Мою жизнь непроглядным, обложным туманом заволакивает безнадежность, неизбежность старости и связанной с нею некоей глухоты, бесчувственности собственной души. И лишь на дне ее пробивается хлипкое, едва живое желание написать выстраданную повесть об утрате человеком надежды, всю жизнь натыкавшейся на жестокость, несправедливость и ложь. Эпиграфом были бы слова Монтеня из его «Проб», или «Опытов»: «От мыслей о смерти более отталкивающей делается жизнь, от мыслей о жизни — смерть».
В посмертной книге Иво Андрича «Знаки вдоль дороги» есть философско-публицистический этюд о белградском метрдотеле, вышколенном ресторанном кельнере, который, мало-мальски владея иностранными языками, угодливо, по-плебейски изгибался, когда привечал англичан. итальянцев, немцев. С местными же посетителями, обращавшимися к нему по-сербски, делался хамоватым, жестким, сыпал злобными окриками и угрозами.
Как заметил Андрич, кельнеру казалось, что быть вежливым на сербском языке просто невозможно.
Чему ж удивляться, что на моем родном проспекте Скорины так много плакатов, транспарантов и вывесок с надписями на иностранных языках. Лишь время от времени мелькнет белорусское слово, написанное или составленное с каким-то даже злорадством.
Сколько же их у нас, неистребимых кельнеров, угодливых и по-рабски преданных всему чужому! И как бездумно они, закатав рукава, стоят подле белорусского реликтового слова, высящегося поистине, как сосна, напоминая паникадило, — стоят с тяжелыми, хищно отточенными лесорубскими топорами.
Пористой, как свежий пенопласт, иссиня-белой порошей за ночь обновились и прихорошились городские дворы и крышы. Солнце золотит кромку тяжелой тучи, что, как притомленный айсберг, оседает за длинной стеною охристых зданий. Молодое утро. Предрождественская благодать. Но за окно вниз не глянешь. Хоронясь за синими вагончиками-бытовками, похмеляются молодые мужчины и опухшие, с бурачного цвета лицами женщины — разливают в белые пластмассовые стаканчики бесцветную жидкость, читай — водку. Достают из желтой, облупившейся сумки, стоящей под ногами, вялое сало и хлеб.
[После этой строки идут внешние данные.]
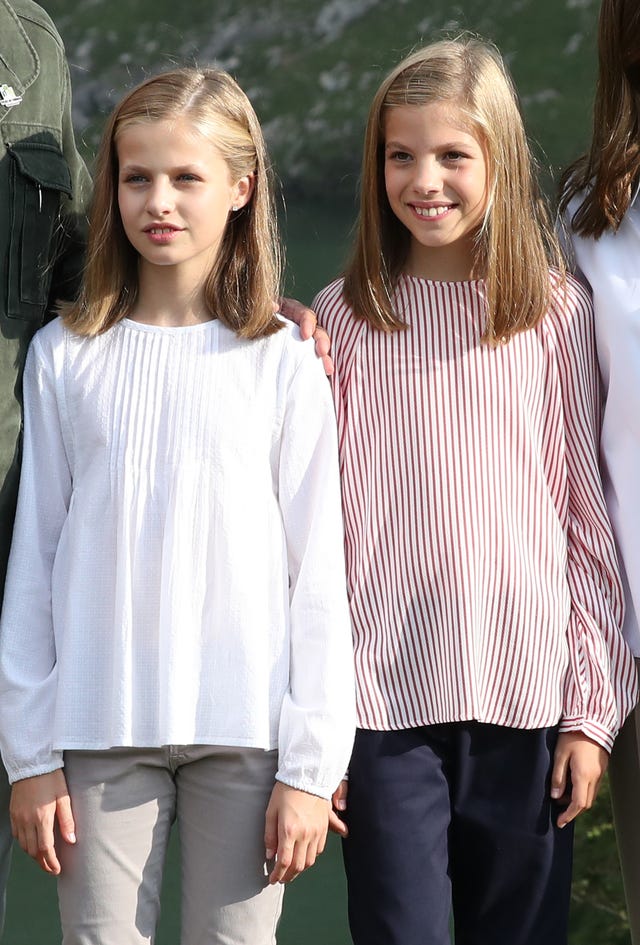 Princesa Leonor e Infanta Sofía campamento de verano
Жутковато делается от нашего, уже поголовного пьянства вблизи городских помоек. Благо, эти хоть не ищут, чем закусить, в стоящих поодаль контейнерах с отходами нашей с вами жизнедеятельности.
Человек — грешен. И вредит больше всего себе сам: распился, распоясался. Но ведь кто-то же поставил, блюдя свою выгоду, чуть ли не в каждом колхозе и совхозе спиртзаводики с применением новейших шведских разливочных линий.
Борьба идет не за человека и не за его моральную чистоту и душу, а за искусительный дензнак с лобастым Франклином в сплюснутом по бокам круге. И чудеса — все попадают в этот замкнутый круг.
Лучше, пожалуй, читать Петруса Бареля, чем Петруся Бровку. Слава Богу, я и не раскрывал «Калі зліваюцца рэкі», так как был уже умудрен и кое-чему научен, отведав в отроческие годы так называемой прозы лесных солдат. Помнится, как в школьном коридоре, не отрываясь, прочел oтмеченную Сталинской премией кулешовскую «Новае рэчышча» (ее перепечатала, кажется, газета «Звязда», которая и была вывешена на специальной доске) и был не только разочарован, а скорее — оскорблен тем, что не наткнулся ни на одну строку, которая отозвалась бы в душе поэтической струной. Я был бескомпромиссен, как и многие в свои пятнадцать лет. Не принял, само собой, и кулешовскою сборника с отлынивающим, удручающе-политизированным названием — «Камуністы». В светлые молодые годы магнитом тянуло к искусительно-красивому слову, слову-загадке, возвышенному, пусть даже переслащенному:
Падаюць сняжынкі — дыяменты-росы,
Пялаюць бялюткі за маім акном...
Щемящее, с нескрытой слезою, бьющая через край юношеская искренность Павлюка Труса была созвучна моей душе, а трезвая, утрамбованная, или, точнее, заасфальтированная правда Кулешова заставляла холодно сторониться, потому что за рифмованной суховатой, рациональной строкой угадывалась вынужденная фальшь. Позднее, уже в шестидесятые голы, я приблизился к тому, чтобы понять покаянное, больно израненное сердце Аркадия Кулешова.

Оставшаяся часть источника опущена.